A seedy hotel in the rain forests of Mexico, a point between feverish daze and reality carefully created by Dunsi Da, is the setting. It’s owned and run by Maxine Faulk, a bawdy, strong-willed woman whose older husband has recently died. She’s employed a couple of young men who have worked as cliff divers at other hotels, barking orders and utilizing them in other ways, not all of which are seen onstage. Climbing up the steep hill to the hotel is a returning guest, the Reverend Mr. Lawrence Shannon, who’s unexpectedly brought a busload of Baptist ladies who comprise a group tour he’s leading.
Shannon has more than a busload of problems. He’s a binge alcoholic and has a taste for very young women. The group is unhappy with pretty much everything he’s done on the tour, from food to no sightseeing. The crowning touch is his over-appreciation of a 16-year-old on the tour.

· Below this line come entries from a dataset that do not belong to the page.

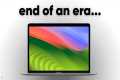 M1 MacBook Air in 2025: Endgame!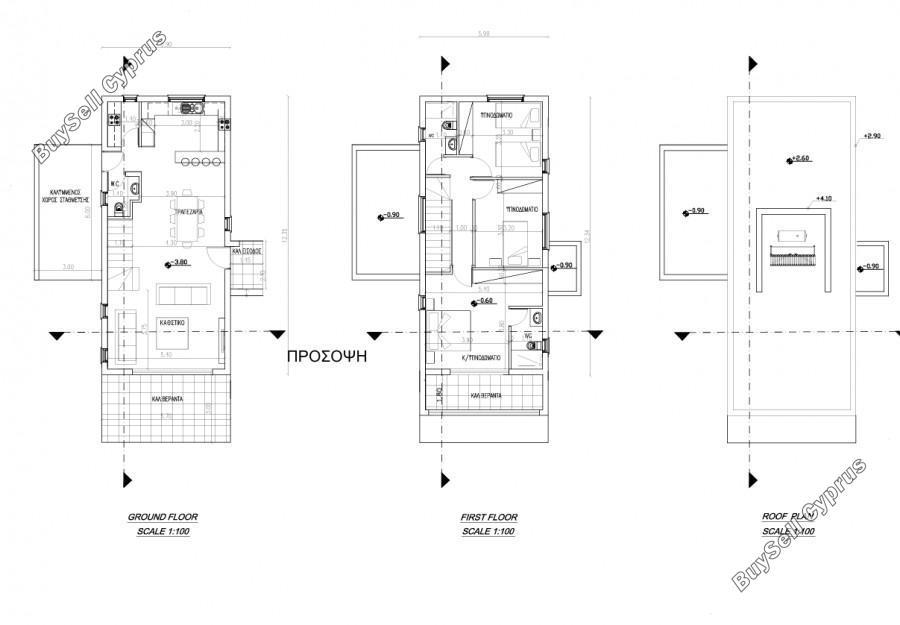 3 bedroom detached house for sale emba paphos 7733765 image 10150980
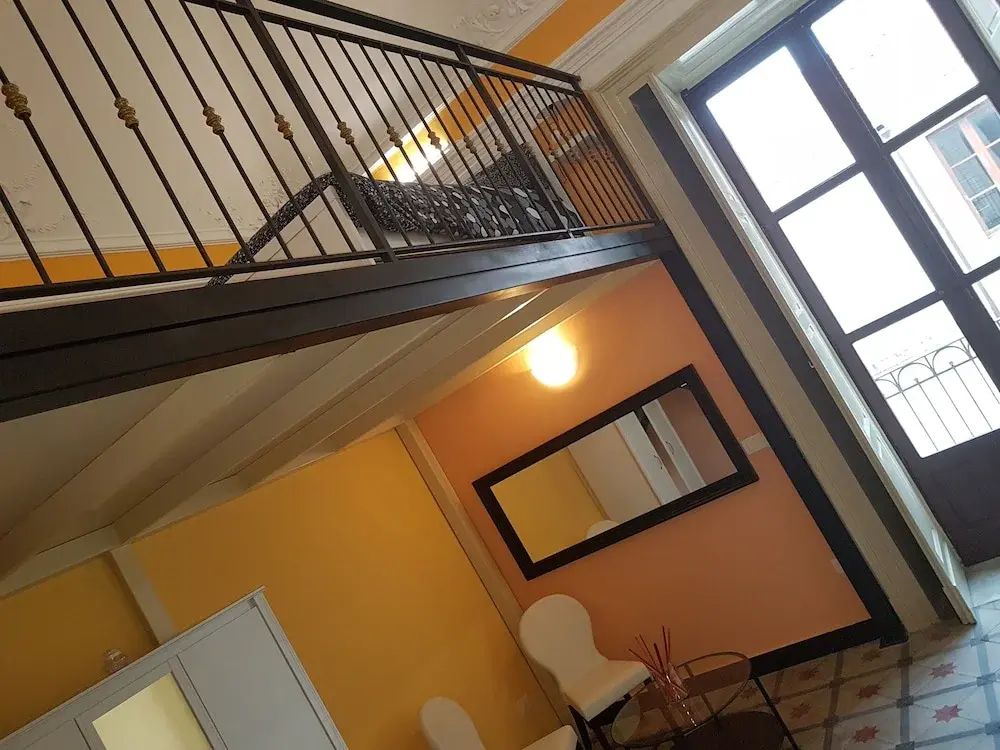 Foto - Central Suites Catania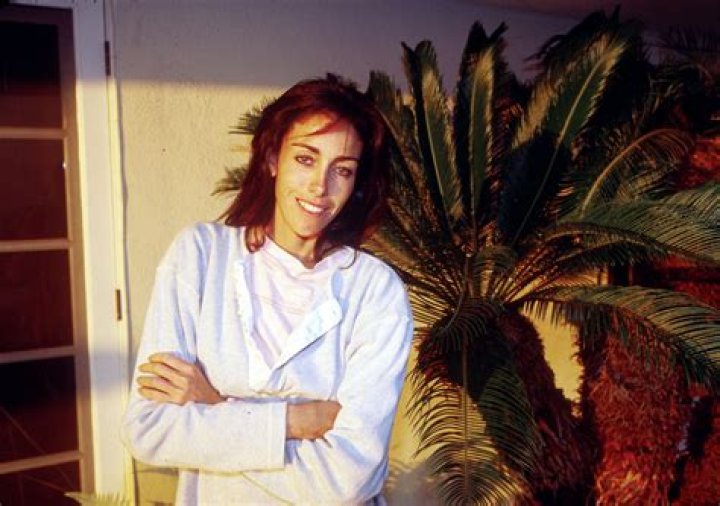 Heidi Fleiss Height, Weight, Net Worth, Age, Birthday, Wikipedia, Who, Nationality, Biography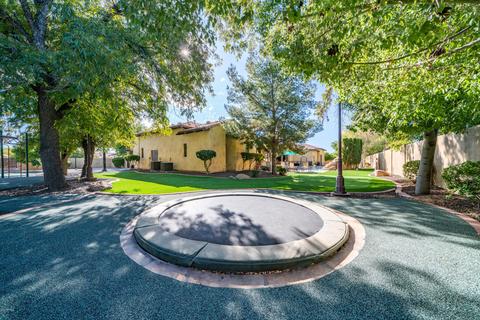 3950 E Mclellan Rd #17, Mesa, AZ 85205 photo 98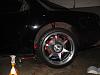 My RX7/Rotary projects... formerly My Blk base build up..-img_0659.jpg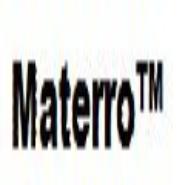 AP-6-14 Amphenol AP Series Solder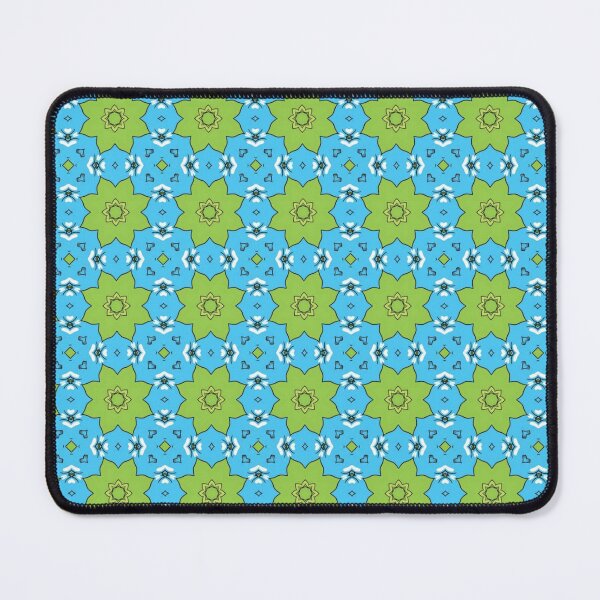 Item preview, Forest Rhythms designed and sold by rimerocarlos.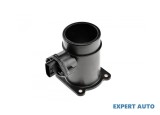 Debitmetru aer Nissan Almera 2 (2000-&gt;)[N16] #1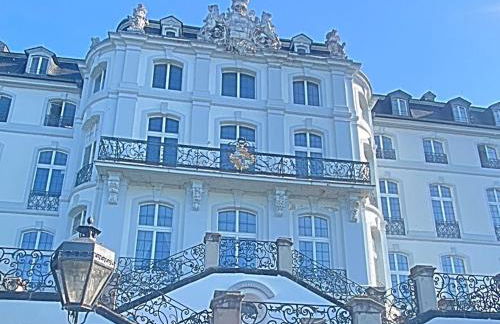 Ferienhaus Schmidt am Rhein - Foto 37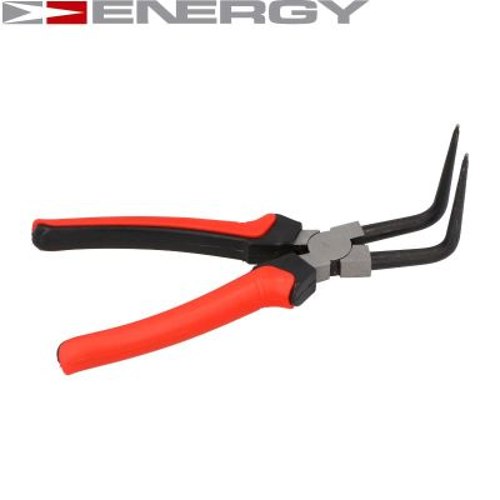 Pinza per anelli di sicurezza - NE00488 ENERGY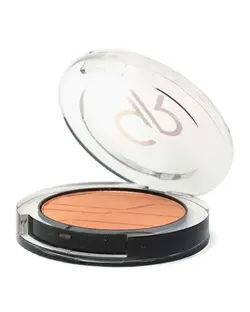 رژگونه Soft & Silky برنز روشن 07 گلدن رز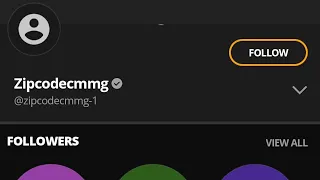 how to claim your authenticated audiomack account using unitedmasters music distribution
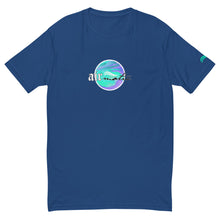 Load image into Gallery viewer, AIRmatic Sportswear T-Shirt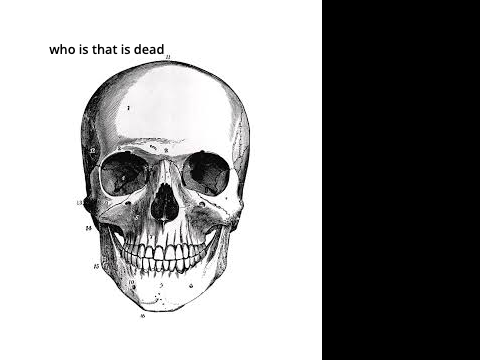 Dead sk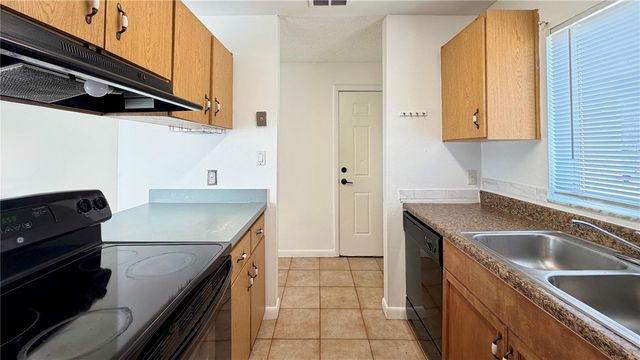 103 CORY LANE, Winter Springs, FL 32708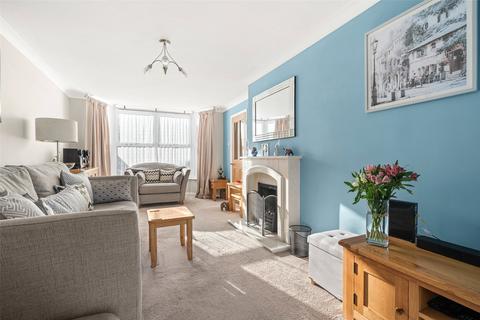 3 bedroom semi-detached house for sale, Shepherds Lane, Berkshire RG42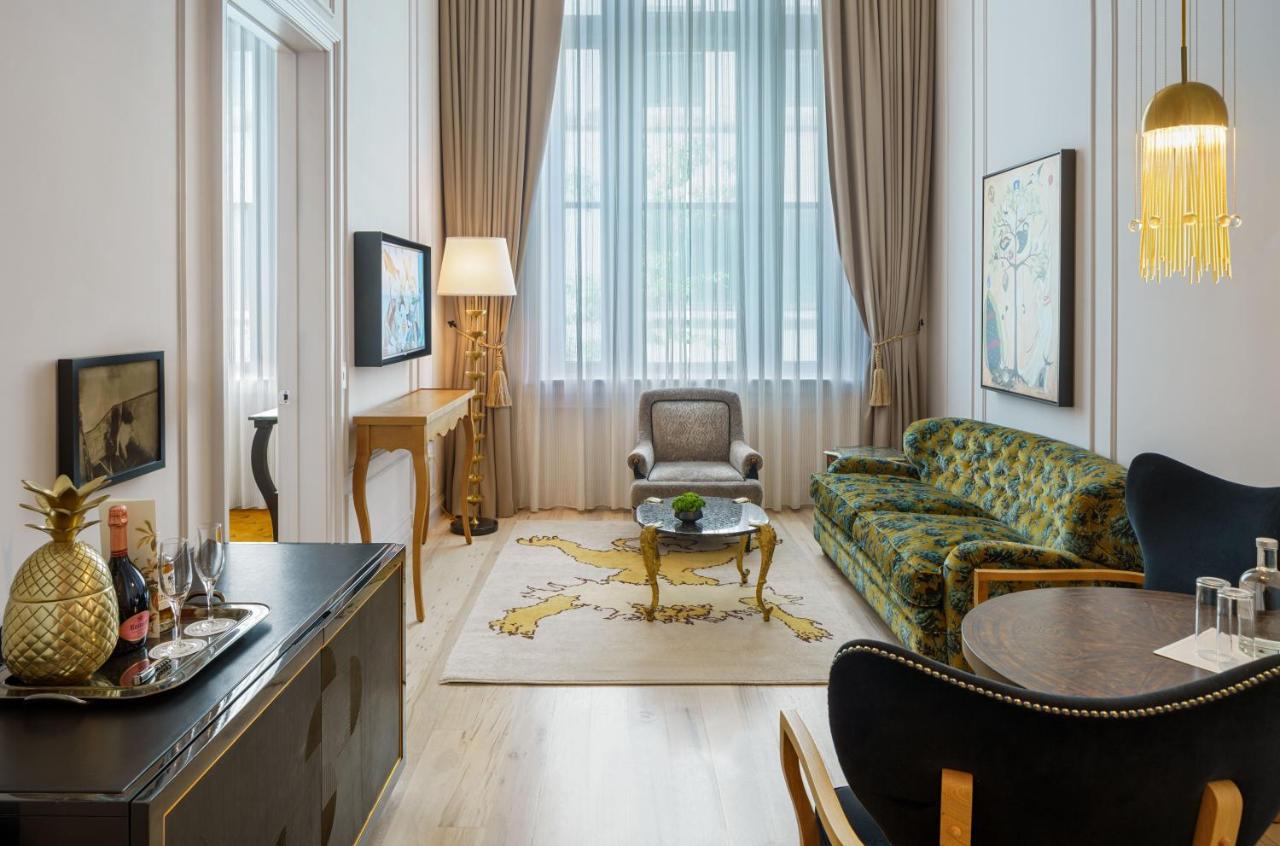 Maison Métier view 4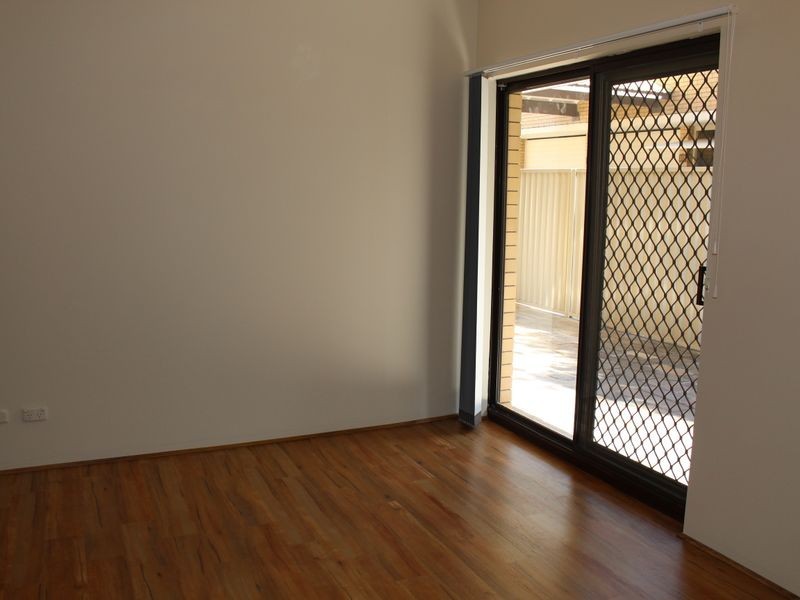 3/30 Armadale Street, St Lucia QLD 4067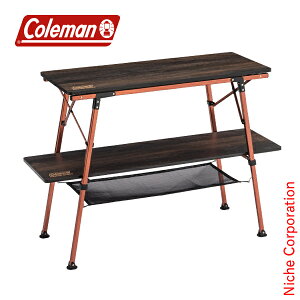 R[} o^tC}`VFt 2000037434 MASTER SERIES }X^[V[Y AEghA Lv bN I ܂肽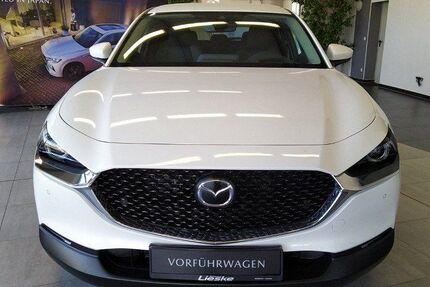 Mazda CX-30 32.433 km 22.990 € Sprotta-Siedlung 04838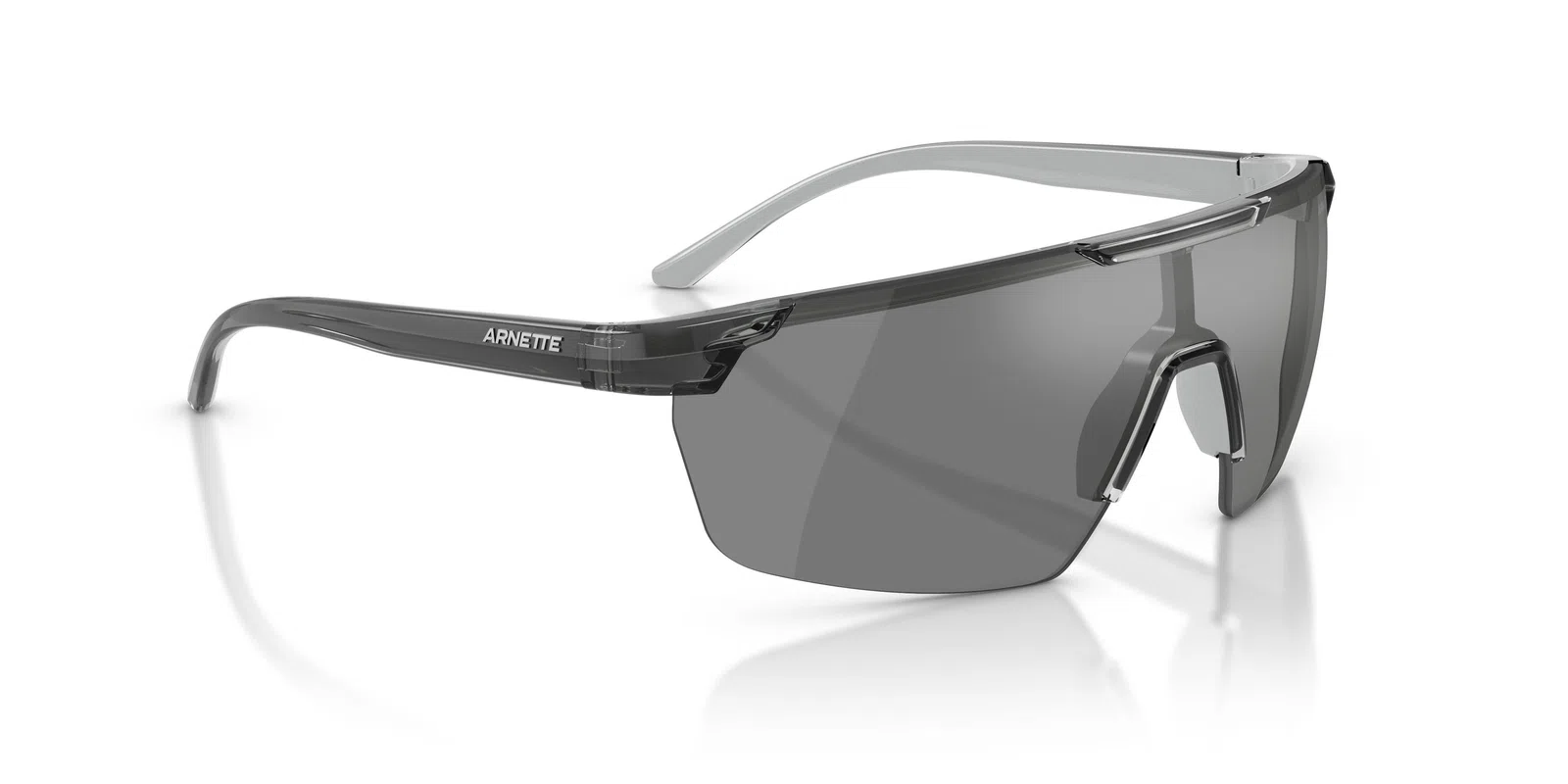 Arnette 4369 Sunglasses - view 16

Maxine doesn’t want the Baptist ladies, who are still in the bus, and the ladies don’t want to stay there, but Shannon is in the middle of what could charitably be called an(other) existential crisis, dodging both the group leader and the little sweetie who still has the hots for him. To add fuel, Maxine certainly would like for Shannon to stay. Then two more unexpected guests arrive, a middle-aged woman and her very elderly grandfather, both itinerant artists.
It’s a show packed with great work. James Andrew Butz, (the actor formerly known as Jim Butz) gives Shannon desperation and wildness, falling into self-contemplation and then completely losing it, a tooth-rattling performance. The crowning touch is his mastery of the mid-stage hammock, hammocks being nice to look at but the very devil to manage gracefully. Maxine, the hotel owner, comes to us via Lavonne Byers in a performance that could have been played far more widely. But that would have given us a caricature of character. Instead we see a long look or a raised eyebrow instead of a more salacious move. It makes the audience look more closely.
New to St. Louis is Nisi Sturgis as Hannah, the sketch artist-granddaughter. The family is from Nantucket, and Hannah is a self-contained New Englander. Nevertheless, she eyes Shannon with restrained curiosity and kindness, enough that Maxine senses a challenge to her play for him. Sturgis’ Hannah is half-ethereal, reality-based but still, somehow, almost floating. Hannah’s grandfather is played by Harry Weber, perhaps better known to St. Louis as a sculptor. (Ironically, the bust of Tennessee Williams at Euclid and McPherson is Weber’s work. He’s swell as the aged grandfather, a poet trying to create his swan song.)
Williams’ plays, like Woody Allen’s movies, always have a character that is at least partly identifiably Williams. Here it’s Shannon, but in another sense, it’s part of Hannah, as well, a different side of Williams, the calm and almost loving talking to the nearly-out-of-control.
Tim Ocel directed, clearly using a clear vision of what this ought to be, and he’s delivered in spades. Jon Ontiveros’ lighting is a key, and so is Ellie Schwetye’s sound. It’s been a while since the play was done in St. Louis, and it’s something theatre-goers ought to flock to.